The little Champ was equipped with three point harnesses, no doubt an add-on, but one that very likely saved the pilot and his passenger from more serious injury when they practically parked the airplane inside the minivan during the accident sequence.
The NTSB
The pilot, even after reflecting on the crash, had no idea what caused it.
In his report to the NTSB on Form 6120.1, Pilot/Operator Aircraft Accident/Incident Report, he wrote, “the engine lost power and RPM and eventually quit, but I don’t know what caused it.”
A maintenance inspector from the FSDO, however, quickly found a smoking gun.
The engine fuel primer was unlocked and fully extended. And it was sufficiently worn-down that the inspector couldn’t get it to lock at all. He removed it and sent it to the NTSB’s Materials Laboratory for a more detailed look.
So now we need a quick primer on primers.
A primer is basically a manual piston-style pump installed in the fuel lines of carbureted-engine airplanes, which assists the pilot in starting the engine, especially for cold starts. Depending on the airplane’s design, it does this by delivering a volume of pre-vaporized fuel either into the induction system or into one or more of the cylinders.
To prime the engine for starting, the pilot rotates the primer handle to unlock it, pulls it back, which fills the primer tube with fuel, then smoothly pushes the plunger forward to deliver the cloud of fuel vapor. It works sort of like a syringe.
Most planes need two to three “shots” of prime to wake up. After delivering the shots, the pilot rotates the primer handle to lock it into place again.
The primer has a lock for good reason. If it is left open, as you apply power, excess fuel is pulled through the primer and into the intake system, over-richening the mixture to the point that your fuel-to-air mixture becomes a fuel-to-fuel mixture and won’t combust.
This is mentioned, briefly, in the Pilot’s Handbook of Aeronautical Knowledge’s chapter on aircraft systems. After a few sentences on what a primer is and how it works, the PHAK says, “It is important to lock the primer in place when it is not in use.
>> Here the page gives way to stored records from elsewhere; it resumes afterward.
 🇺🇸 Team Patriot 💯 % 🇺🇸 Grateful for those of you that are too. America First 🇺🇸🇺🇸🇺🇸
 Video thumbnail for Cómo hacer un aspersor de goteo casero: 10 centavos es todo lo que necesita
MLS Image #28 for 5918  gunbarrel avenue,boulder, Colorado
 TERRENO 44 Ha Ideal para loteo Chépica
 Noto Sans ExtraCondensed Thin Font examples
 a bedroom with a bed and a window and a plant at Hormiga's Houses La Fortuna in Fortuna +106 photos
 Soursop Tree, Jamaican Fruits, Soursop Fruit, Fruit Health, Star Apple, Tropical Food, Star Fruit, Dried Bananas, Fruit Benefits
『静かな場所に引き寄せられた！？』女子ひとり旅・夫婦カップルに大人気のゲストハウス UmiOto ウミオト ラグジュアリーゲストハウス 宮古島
If the knob is free to move, it may vibrate out of position during flight, which may cause an excessively rich fuel-air mixture.”
The primer locking mechanism itself is similar to what you see with coaxial cable: There are “nubs” that lock into a channel. The correct terminology for the nub is “locking pin,” while the correct terminology for the channel is the “retention lip.”
The locking pin is attached to the exterior of the primer handle (the shaft of the “syringe”), while the lip is inside the end cap, which is where the device passes through the instrument panel. Most of the primer itself is hidden behind the panel.
On inspection of the Champ’s removed primer, the NTSB lab found that the retention lip was “worn away around most of its circumference, leaving only a 0.143 inch-long section.” That’s in the ballpark of 9/64s of an inch. The pin itself is 0.093-inches in diameter, so the remaining lip was about one-and-a-half times as wide as the pin. Not much of a lip for the locking pin to hang on to.
The NTSB’s final report states, “It is likely that a slight movement or vibration caused the retaining pin to move around the small piece of retaining lip that remained, resulting in the fuel primer pump becoming unlocked and extending.”
Backing this theory up, investigators noted that the spark plugs were found “in a carbon-fouled condition, consistent with an overly rich mixture.”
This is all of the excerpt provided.